Ojalá nos diéramos cuenta de la cantidad de luces que nos da el Señor. Somos tan presuntuosos que pensamos que tenemos “vista de lince” y podemos ver en la oscuridad, pero realmente es el Señor quien nos enciende una lucecilla para que podamos distinguir, aunque a veces sea a bulto, nuestro camino por la vida. Seguro que a veces, cuando niños, lo hemos pasado fatal mientras nos impedía el paso un monstruo ferocísimo: hubiera bastado encender la luz para ver que sólo era un abrigo colgado en un perchero. “(Jesús) muriendo, aniquiló al que tenía el poder de la muerte, es decir, al diablo, y liberó a todos los que por miedo a la muerte pasaban la vida entera como esclavos. Notad que tiende una mano a los hijos de Abrahán, no a los ángeles.” La oración, y especialmente la Eucaristía, son ese interruptor que enciende la luz de Dios que nos alumbra. A veces la dejamos de lado, pensando que no nos es necesaria, y acabamos viviendo con miedo, como esclavos, aunque juremos y perjuremos que tenemos la situación controlada. ¿Te has fijado que los santos no suelen perder el tiempo comentando lo que nosotros consideramos “tan grave y tan importante”? Para los que se dejan iluminar por Dios los graves problemas que nos afligen, no son sino abrigos mal colgados en los percheros.
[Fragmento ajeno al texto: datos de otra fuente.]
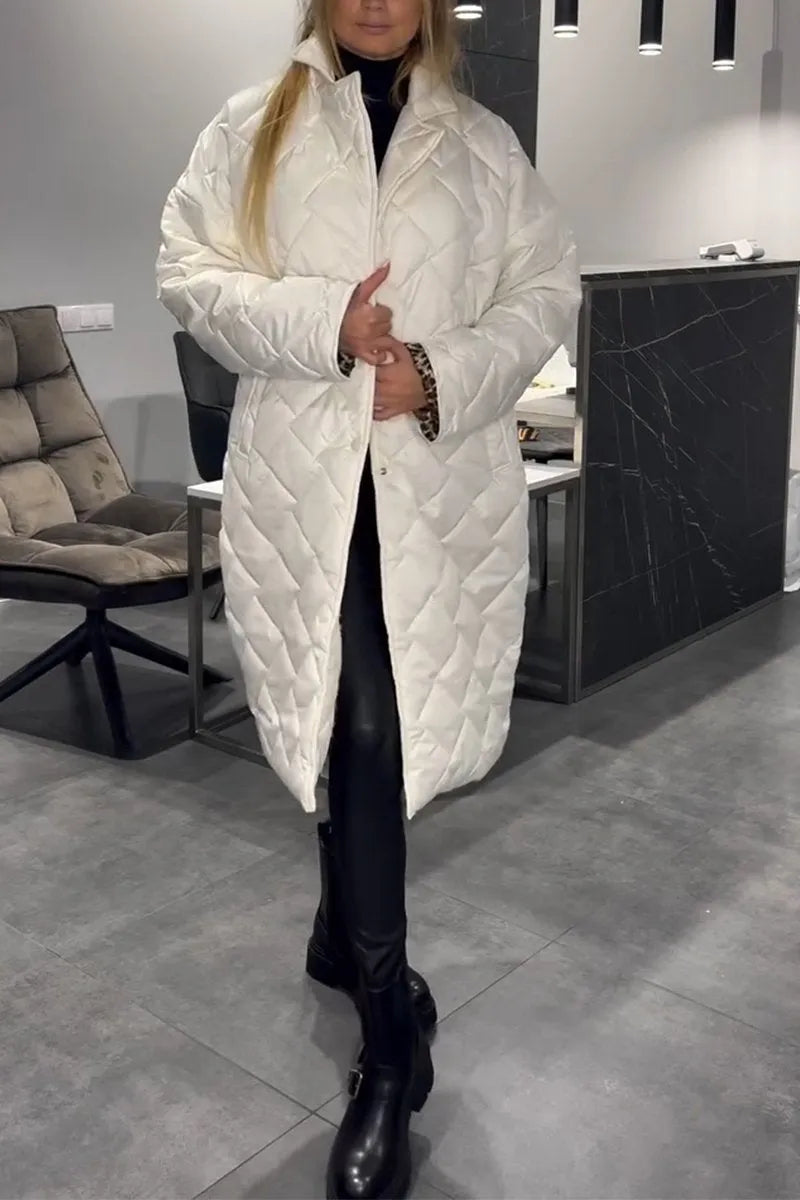 Isla | Reversible Oversized Quilted Long Coat with Leopard Lining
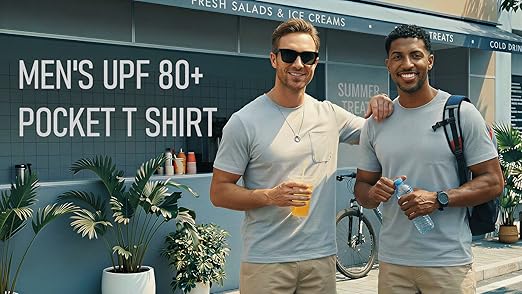 TACVASEN Men's Pocket T-Shirt UPF 80+ Short Sleeve Soft Crew Neck Lightweight Tee Summer Casual Basic Plain Tshirts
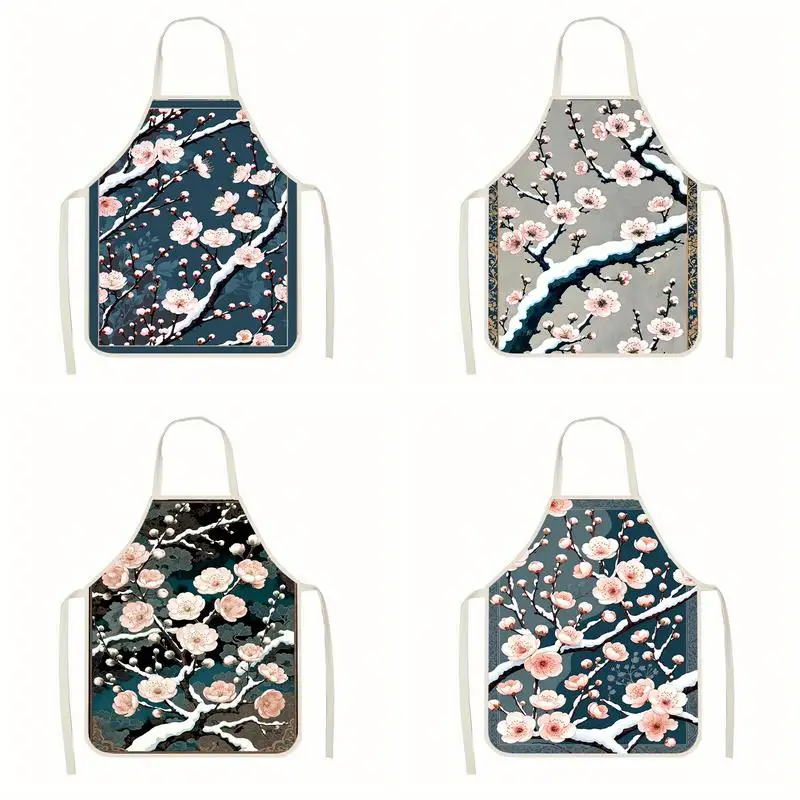 

Cherry Blossom Pattern Apron Linen apron, suitable for kitchen cooking, parent-child interaction, painting and other scenarios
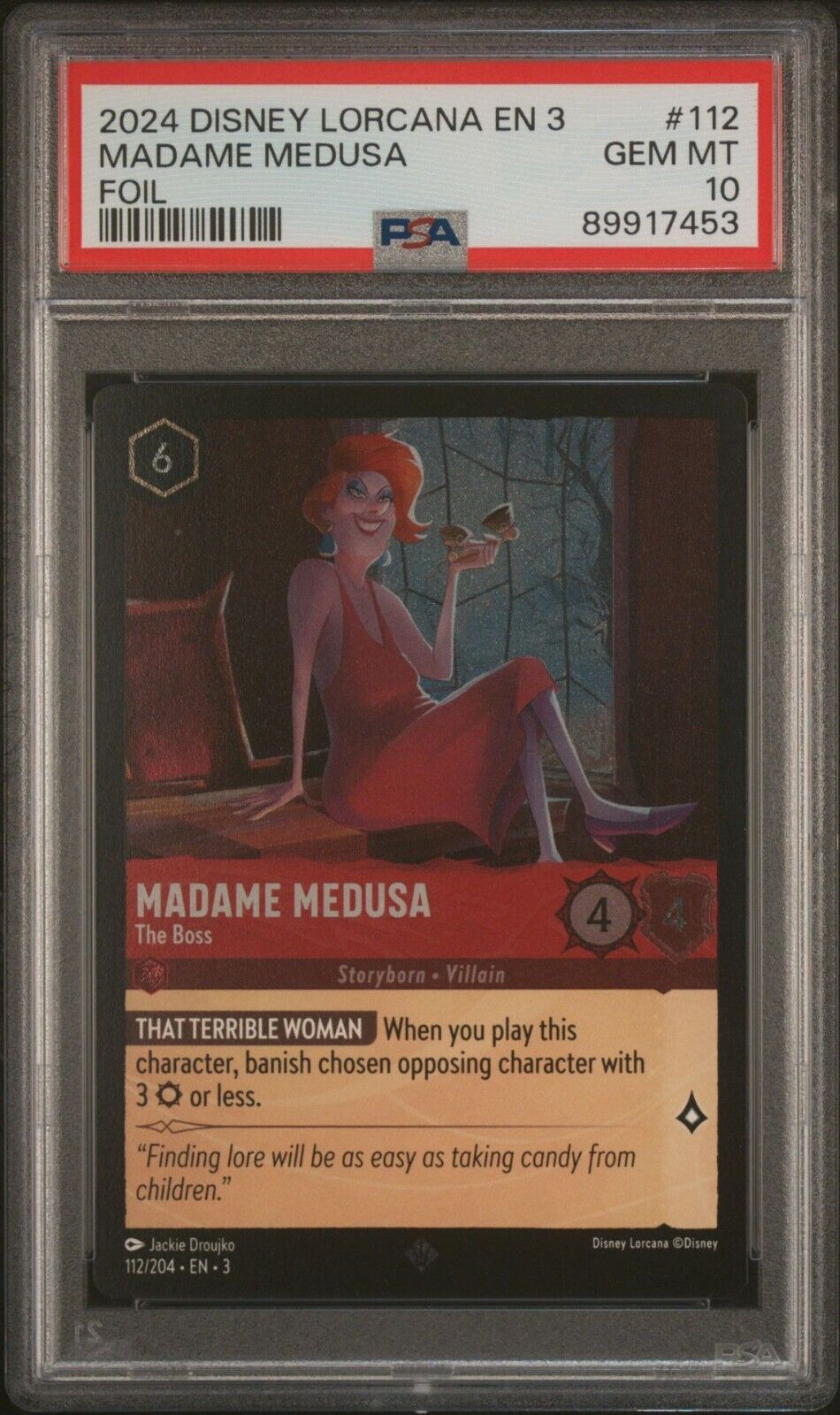 Disney Lorcana Madame Medusa The Boss 112/204 Super Rare Foil PSA 10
La vida no está exenta de obstáculos, quien te diga lo contrario miente. Ni a su madre ahorró dificultades el Señor: “Mira, éste está puesto para que muchos en Israel caigan y se levanten; será como bandera discutida: así quedará clara la actitud de muchos corazones. Y a ti, una espada te traspasará el alma.” Pero si nos dejamos iluminar por Dios sortearemos todos los obstáculos y nos reiremos de muchos. Hay luz, mucha luz, no nos empeñemos en andar en tinieblas.